— Your goal —
Take the data below and extract the lines from the one with "Baseball Dad- Digital" to the one with "Quilting Liberty - Blooming", inclusive, exactly as written.

[Items from a data source]
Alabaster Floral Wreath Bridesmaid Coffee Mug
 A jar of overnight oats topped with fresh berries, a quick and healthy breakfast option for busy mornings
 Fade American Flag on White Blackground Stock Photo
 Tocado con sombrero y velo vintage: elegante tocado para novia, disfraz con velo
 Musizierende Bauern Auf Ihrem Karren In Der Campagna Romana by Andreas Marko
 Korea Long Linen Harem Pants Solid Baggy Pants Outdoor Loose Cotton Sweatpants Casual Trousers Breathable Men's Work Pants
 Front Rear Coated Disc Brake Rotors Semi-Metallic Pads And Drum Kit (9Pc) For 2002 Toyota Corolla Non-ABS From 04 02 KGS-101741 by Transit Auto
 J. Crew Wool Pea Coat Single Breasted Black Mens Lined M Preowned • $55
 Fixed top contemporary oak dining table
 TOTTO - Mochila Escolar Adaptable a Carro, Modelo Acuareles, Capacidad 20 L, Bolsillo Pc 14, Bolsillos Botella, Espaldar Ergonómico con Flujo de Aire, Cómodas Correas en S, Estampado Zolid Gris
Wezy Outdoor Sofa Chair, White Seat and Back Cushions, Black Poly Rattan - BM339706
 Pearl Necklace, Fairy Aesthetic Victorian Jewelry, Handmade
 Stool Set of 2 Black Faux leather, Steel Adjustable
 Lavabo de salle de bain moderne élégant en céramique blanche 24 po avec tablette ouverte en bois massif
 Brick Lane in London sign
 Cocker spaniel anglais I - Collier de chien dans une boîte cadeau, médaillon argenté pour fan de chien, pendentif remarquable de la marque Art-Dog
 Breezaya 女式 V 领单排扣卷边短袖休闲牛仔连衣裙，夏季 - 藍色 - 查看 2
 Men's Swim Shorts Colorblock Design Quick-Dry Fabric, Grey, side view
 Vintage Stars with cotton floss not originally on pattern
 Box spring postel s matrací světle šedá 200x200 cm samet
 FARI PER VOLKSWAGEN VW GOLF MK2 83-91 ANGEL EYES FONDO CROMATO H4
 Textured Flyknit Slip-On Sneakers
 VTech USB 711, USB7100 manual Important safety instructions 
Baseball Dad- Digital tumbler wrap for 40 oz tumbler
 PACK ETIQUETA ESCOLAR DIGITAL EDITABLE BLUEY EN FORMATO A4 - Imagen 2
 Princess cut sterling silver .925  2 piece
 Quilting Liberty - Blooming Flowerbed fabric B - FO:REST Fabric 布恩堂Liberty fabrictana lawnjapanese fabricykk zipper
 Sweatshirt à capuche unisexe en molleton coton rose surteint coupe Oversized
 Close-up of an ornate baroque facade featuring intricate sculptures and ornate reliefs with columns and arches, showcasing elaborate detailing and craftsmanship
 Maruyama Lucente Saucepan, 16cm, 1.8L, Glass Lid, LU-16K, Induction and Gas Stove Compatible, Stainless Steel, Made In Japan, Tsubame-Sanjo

— Response —
Baseball Dad- Digital tumbler wrap for 40 oz tumbler
 PACK ETIQUETA ESCOLAR DIGITAL EDITABLE BLUEY EN FORMATO A4 - Imagen 2
 Princess cut sterling silver .925  2 piece
 Quilting Liberty - Blooming Flowerbed fabric B - FO:REST Fabric 布恩堂Liberty fabrictana lawnjapanese fabricykk zipper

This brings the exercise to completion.